New Home Sales at Best Rate Since 2010

RIS Media

27 October 2012

New home sales jumped 5.7 percent in September from the previous month to the highest rate in more than two years as the housing market resurgence continued to take hold, the Commerce Department said Wednesday.

New single-family homes sold last month at an annualized rate of 389,000, up 27.1 percent from a year earlier. It was the best performance since April 2010, when the rate was 422,000. That figure was boosted by a tax credit for first-time homebuyers.

The September increase beat analysts’ expectations of an annualized rate of 385,000 and came as other recent data pointed to a housing rebound.

But the median sales price for new homes last month dropped about 3.2 percent, to $242,400, from August’s revised figures.
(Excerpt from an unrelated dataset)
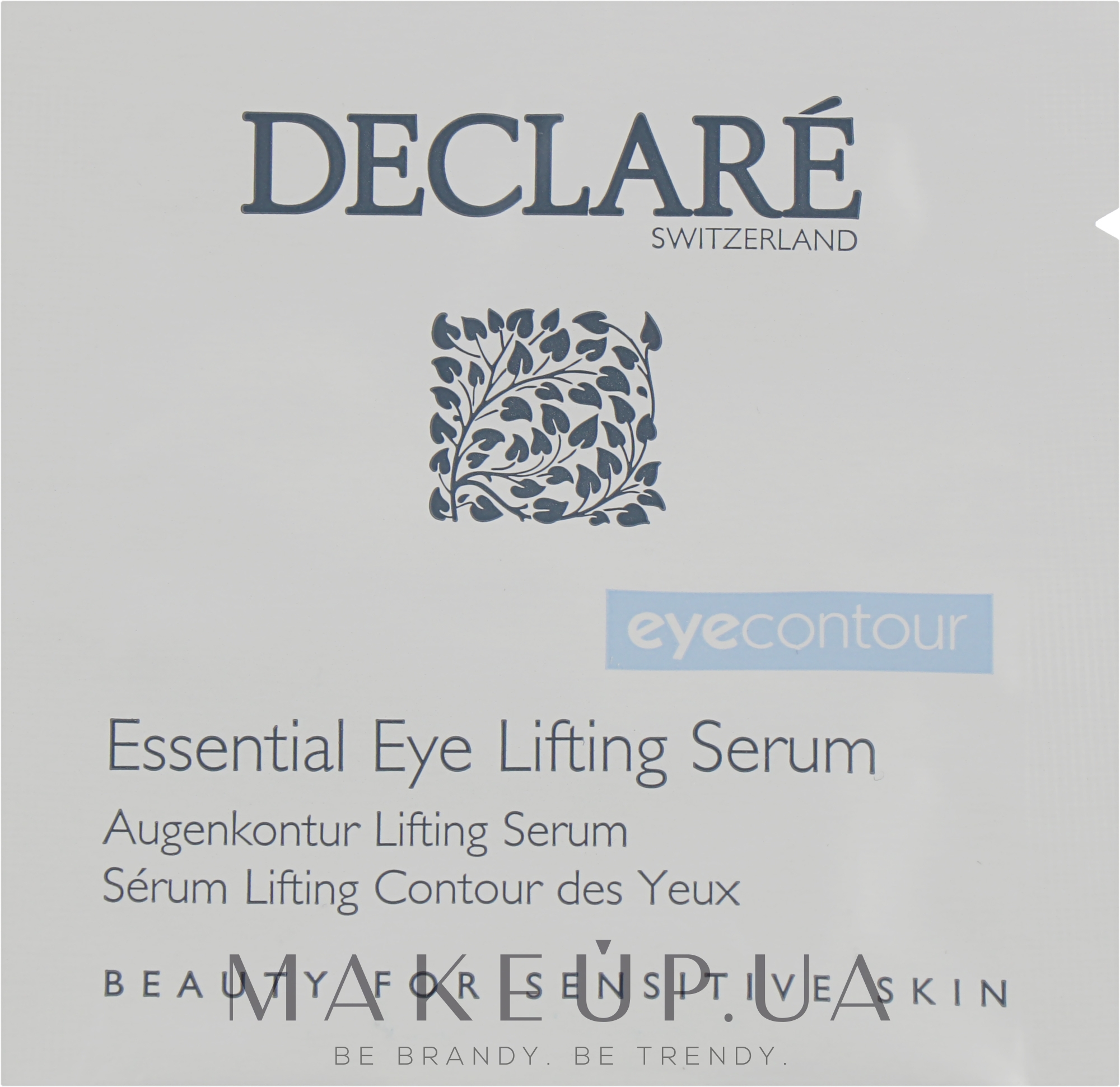 Восстанавливающая лифтинговая сыворотка под глаза - Declare Eye Contour Essential Eye Lifting Serum (пробник) — фото 1.5ml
Still, September’s median price was up 11.7 percent from a year earlier.

“All the housing data has taken a turn for the better,” says Steven Ricchiuto, chief economist for Mizuho Securities.
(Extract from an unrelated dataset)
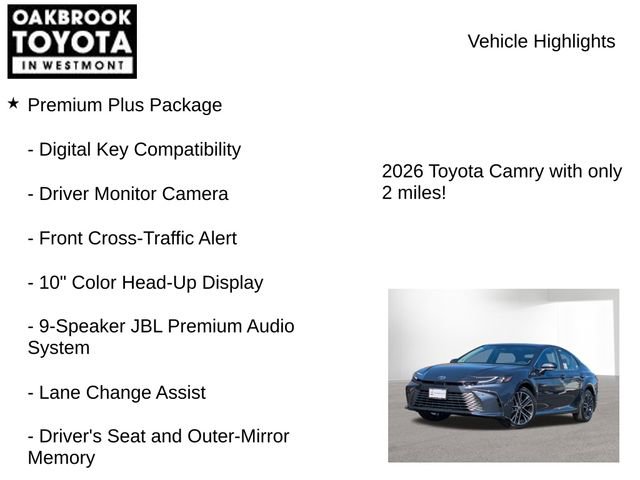 New 2026 Toyota Camry XLE image 7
“Clearly mortgage rates at such a low level and what appears to be an increase in banks’ willingness to make loans has boosted activity off the lows,” he says. “The gains look large on a year-over-year basis, but that owes to the exceptionally low level of activity.”

Some regions of the country fared much better than others in September sales.

New home sales were up 16.8 percent from the previous month in the South and 16.7 percent in the Northeast. But sales were down sharply in the Midwest — 37.3 percent. Sales in the Western U.S. were up 3.9 percent from August.